Source data Start Marker

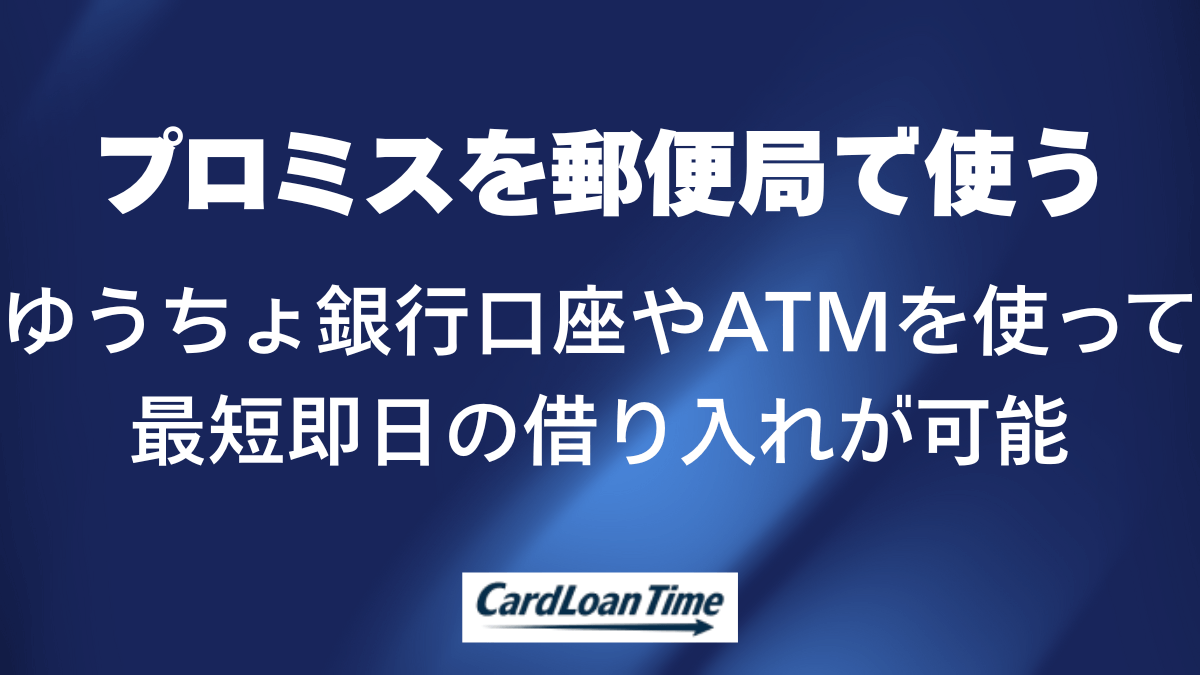 プロミスはゆうちょで借りられる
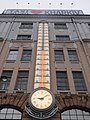 Former branch building in Kharkiv with giant thermometer installation, 2018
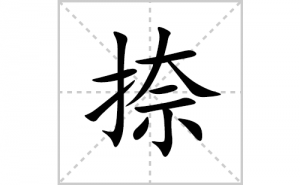 ��ı�˳�ʻ����д���������ƴ�������ס��ʻ�˳�򼰳������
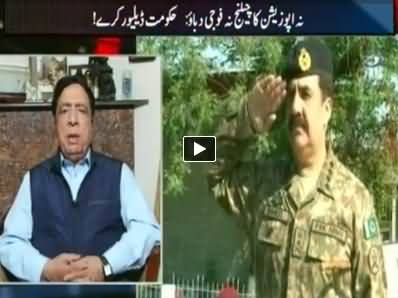 Aaj Kamran Khan Ke Saath (Why Army Pressurizing Govt?) – 7th April 2014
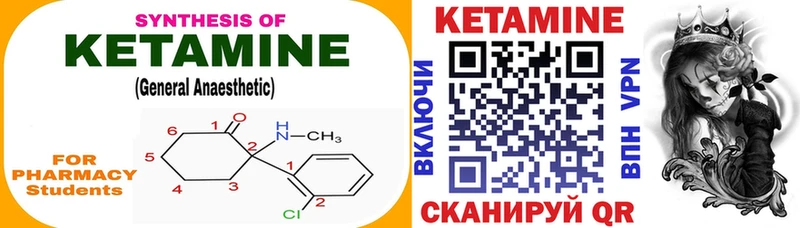 Кетамин ketamine  Власиха 
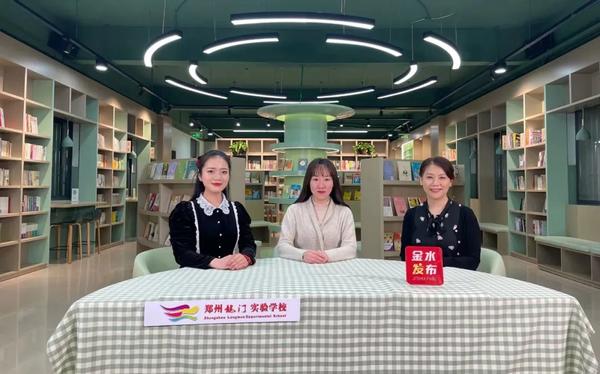 新建幼儿园邀请家长观看金水“心”成长线上直播课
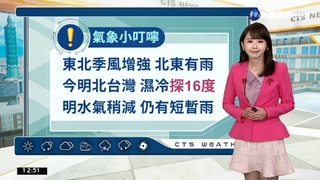 東北季風影響 早晚氣溫偏涼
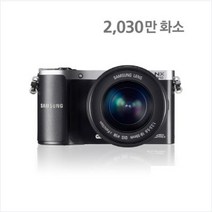 삼성정품 NX210 + 20~50mm 렌즈포함 페스트, 블랙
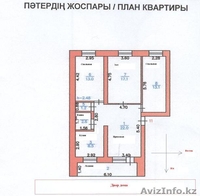Хотите иметь  квартиру в г. Серебрянске и радоваться 10 лет? Тогда покупайте! - Изображение #5, Объявление #1174744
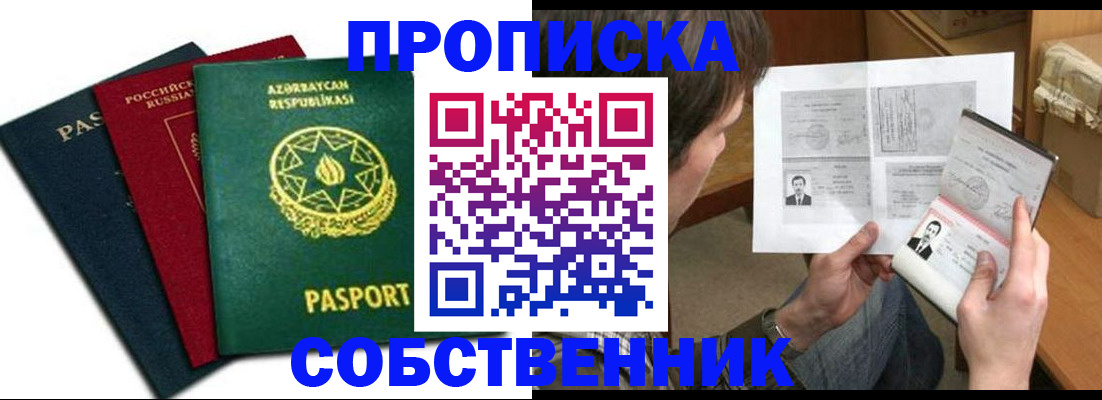 прописка законно в Заинске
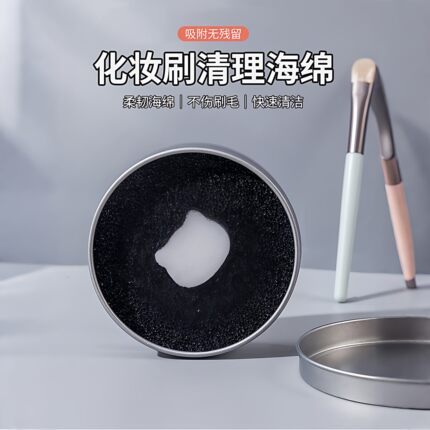 化妆刷海绵清洁盒干洗遮瑕刷子化妆刷清洁盒海绵美妆蛋粉扑懒人洗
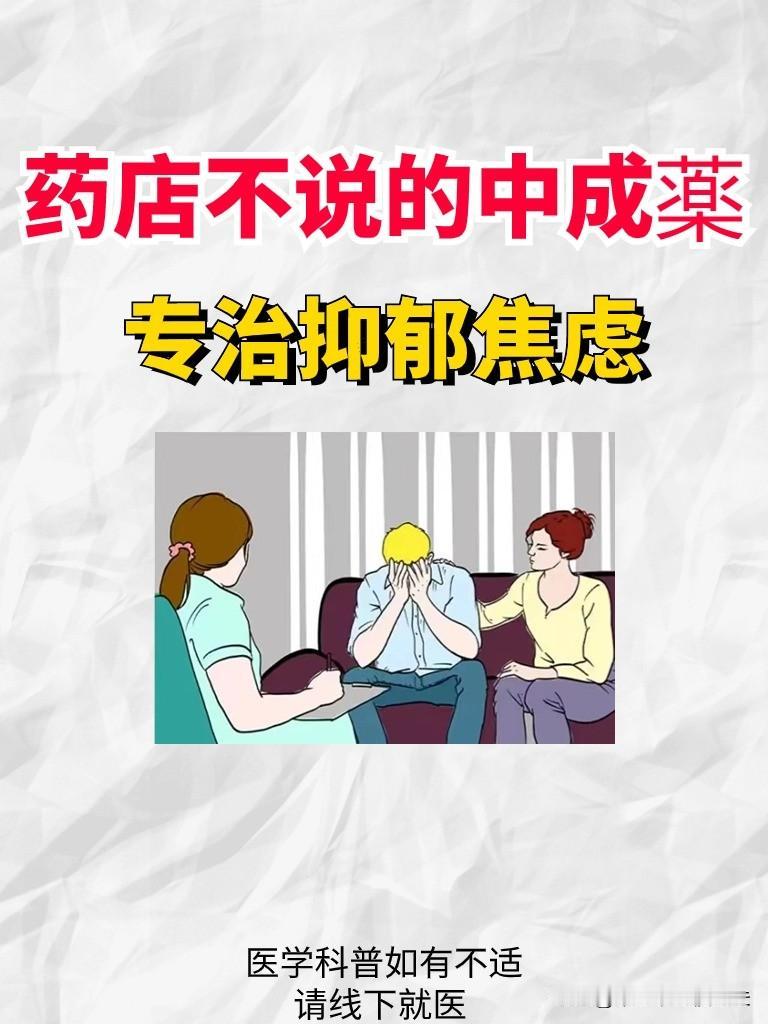 药店不说的中成薬，专治抑郁焦虑
1、朱砂安神丸
《作用》
镇静清心安神，泻火清心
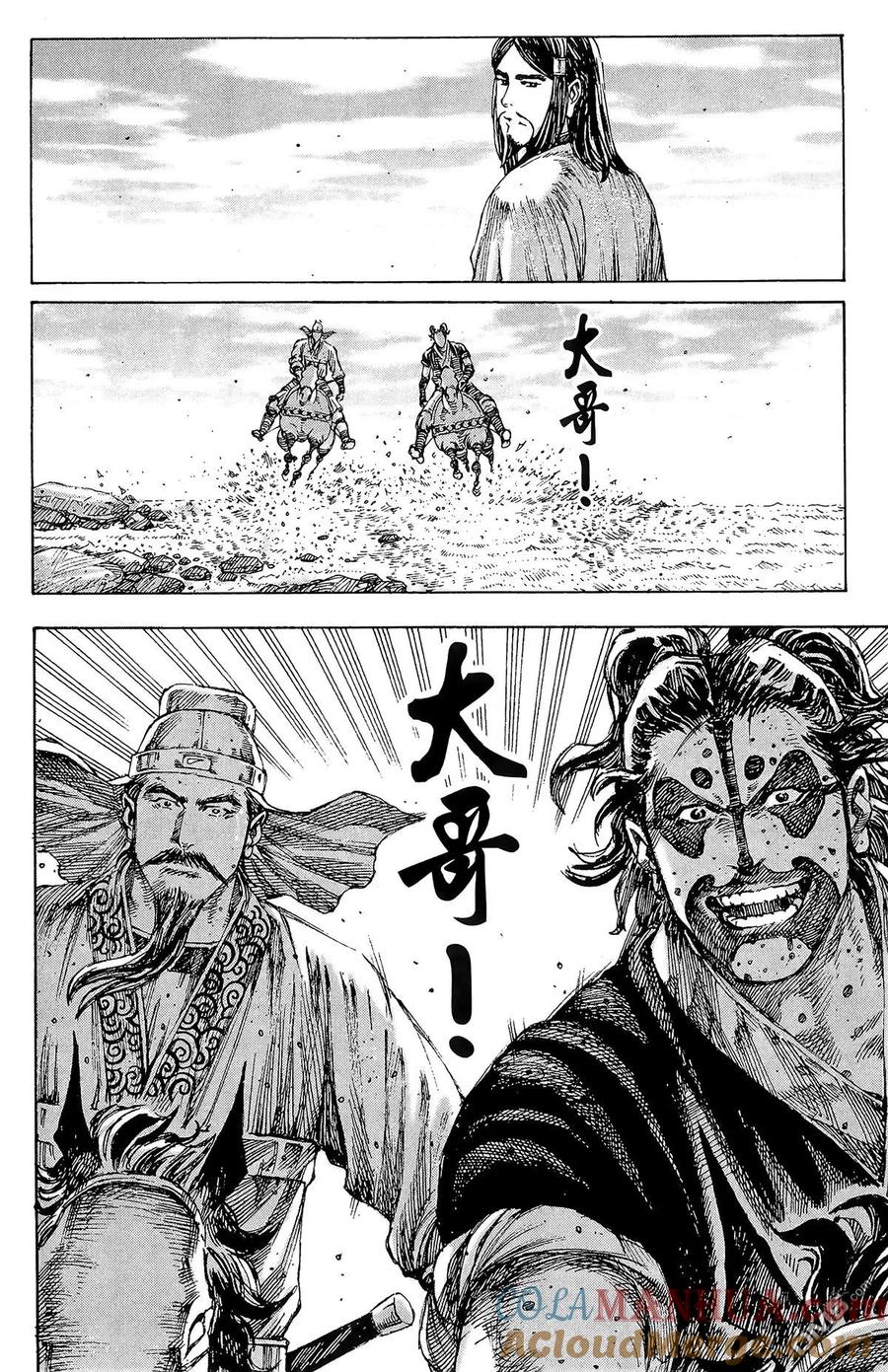 第173页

Source data End Marker

Exclude the pictures, and output exactly the lines from the one with "Former branch building" through the last line of the records, both included.

_Written answer_
 Former branch building in Kharkiv with giant thermometer installation, 2018
 ��ı�˳�ʻ����д���������ƴ�������ס��ʻ�˳�򼰳������
 Aaj Kamran Khan Ke Saath (Why Army Pressurizing Govt?) – 7th April 2014
 Кетамин ketamine  Власиха 
 新建幼儿园邀请家长观看金水“心”成长线上直播课
 東北季風影響 早晚氣溫偏涼
 삼성정품 NX210 + 20~50mm 렌즈포함 페스트, 블랙
Хотите иметь  квартиру в г. Серебрянске и радоваться 10 лет? Тогда покупайте! - Изображение #5, Объявление #1174744
 прописка законно в Заинске
 化妆刷海绵清洁盒干洗遮瑕刷子化妆刷清洁盒海绵美妆蛋粉扑懒人洗
 药店不说的中成薬，专治抑郁焦虑
1、朱砂安神丸
《作用》
镇静清心安神，泻火清心
 第173页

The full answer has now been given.